WHAT THIS TASK INVOLVES: From the line that contains "Photo of 215" through the last line of the data, copy everything exactly and nothing else, omitting the pictures.

DATA EXCERPT:
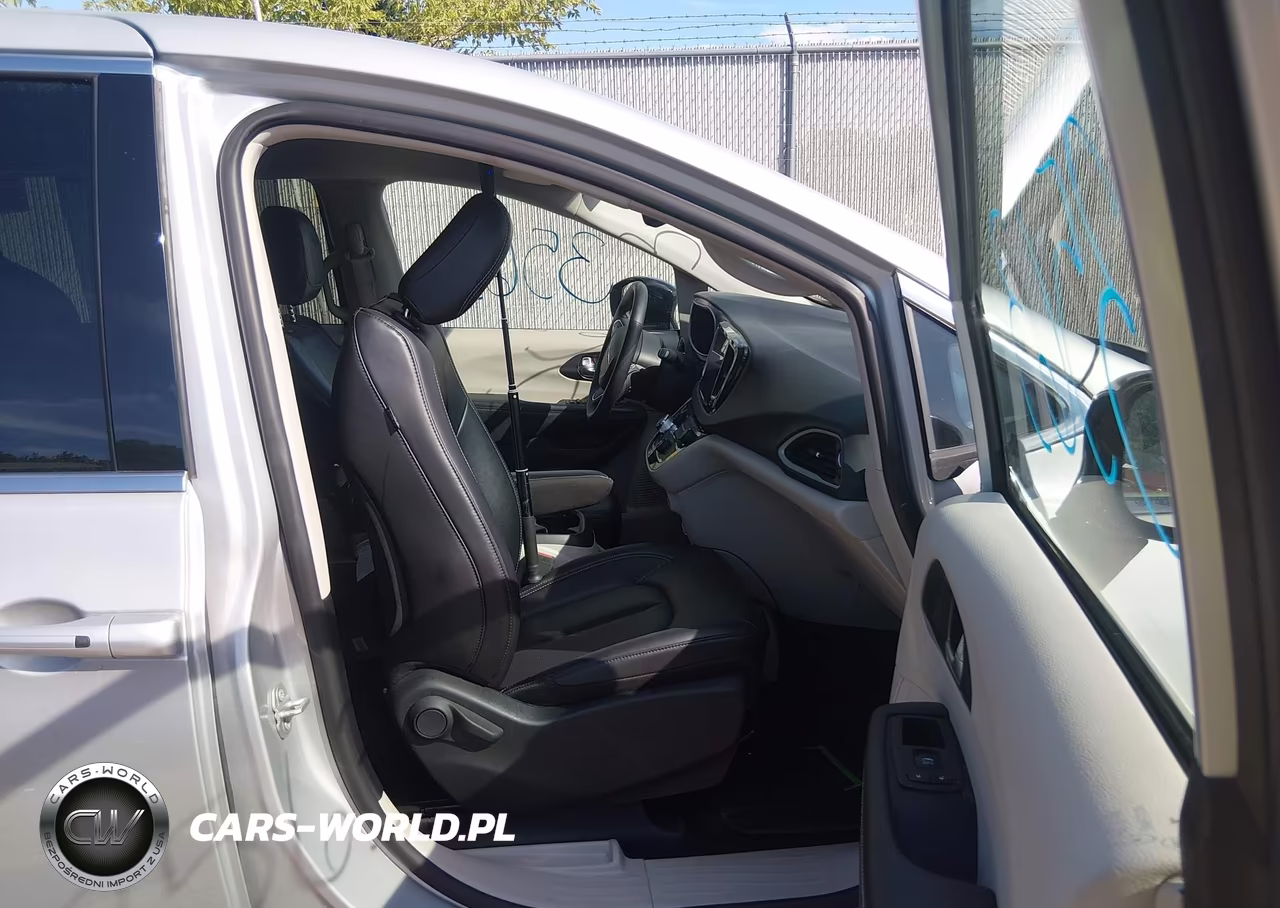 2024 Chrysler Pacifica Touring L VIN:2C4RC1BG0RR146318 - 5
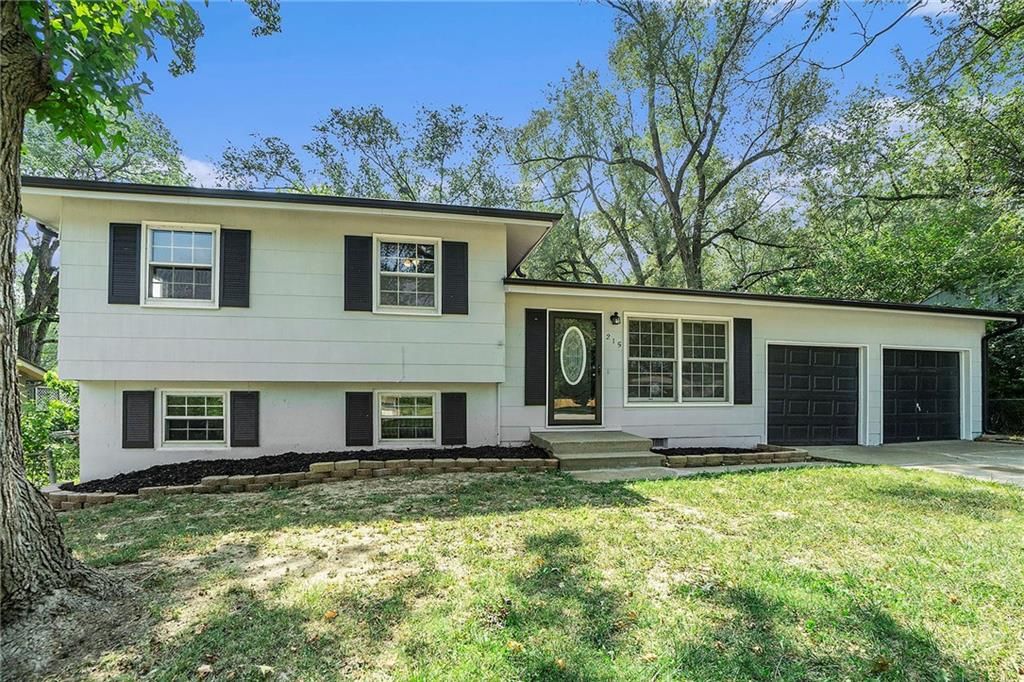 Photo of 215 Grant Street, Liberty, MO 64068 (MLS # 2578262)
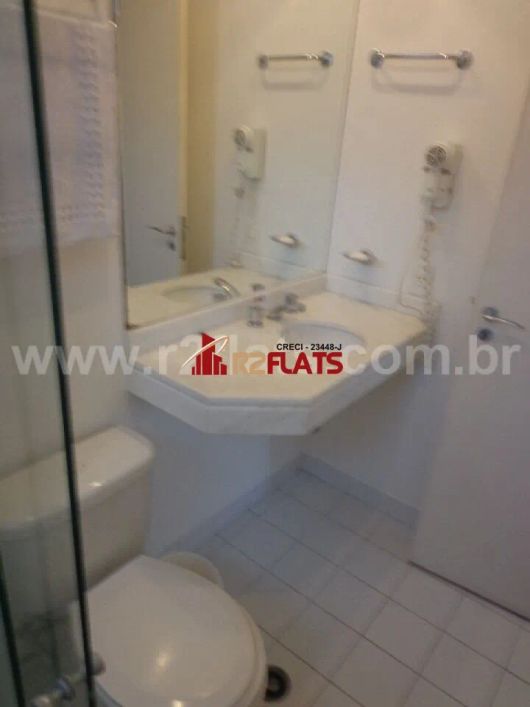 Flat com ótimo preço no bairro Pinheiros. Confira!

FINISHED EXERCISE:
 Photo of 215 Grant Street, Liberty, MO 64068 (MLS # 2578262)
 Flat com ótimo preço no bairro Pinheiros. Confira!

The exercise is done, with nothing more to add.